While researching the most performant way to delete a high volume of rows in
MySQL, I happened upon some syntax that I had never heard of before. This syntax
allows you to run a query on a schedule, without the need of any external code.
As a rule of thumb, I do avoid doing anything magical inside of the database.
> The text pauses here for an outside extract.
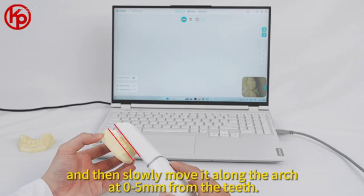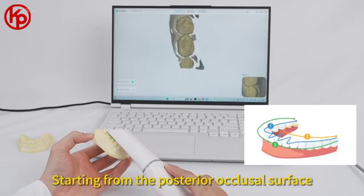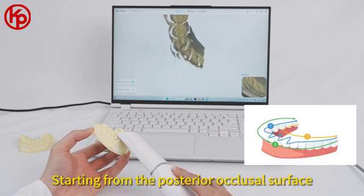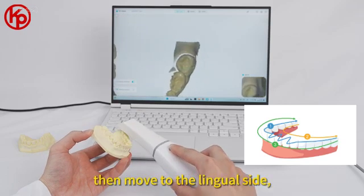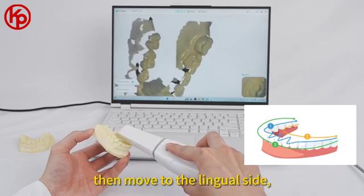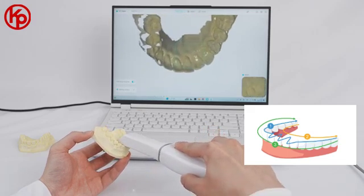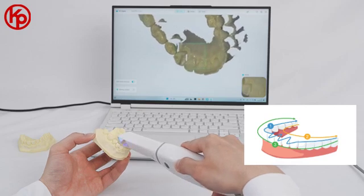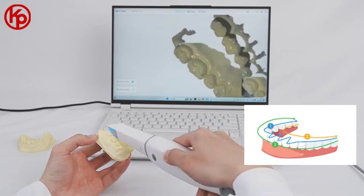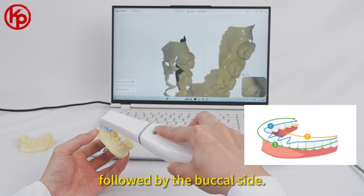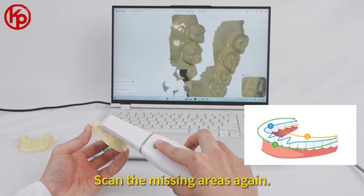Move at 0.5mm from the teeth, starting from the posterior occlusal surface, then move to the lingual side, followed by the buccal side. Scan the missing areas again.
In
my experience, it tends to get forgotten about and generally speaking, outside
of database administrators, most developers aren’t too versed in these kinds of
things.
That all being said, it’s always fun to learn about these things, as they may
come in handy in the future.
So the state in question is CREATE EVENT
which also has a DROP EVENT
and
SHOW EVENTS
statements to help you manage things.
The gist of the statement is:
CREATE EVENT your_event
ON SCHEDULE
-- your schedule
COMMENT 'Optional comment, but IMHO it should be required'
DO
-- your query to run
The schedule can take a wide range of values, from a specific time and date, to
a fixed interval:
-- One time at a specific time
ON SCHEDULE AT '2023-03-06 00:00:00'
-- Recurring every hour
ON SCHEDULE EVERY 1 HOUR
-- Recurring once a day at a specific time
ON SCHEDULE EVERY 1 DAY STARTS '2023-03-06 00:00:00'
For my use case, of cleaning up old data on a table, I was thinking of running a
DELETE
every 4 hours, which looks like this:
CREATE EVENT delete_old_rows_on_some_table
ON SCHEDULE EVERY 4 HOUR
COMMENT 'Delete rows older than 14 days on some_table'
DO
DELETE FROM some_table WHERE created_at < NOW() - INTERVAL 14 DAY
It would have gotten the job done, but as mentioned, I try to avoid using this
kind of stuff in the database. Also, based on the volume of data we’re
attempting to clean up, there are more performant approaches, like batching the
deletions instead of trying to do them all at once.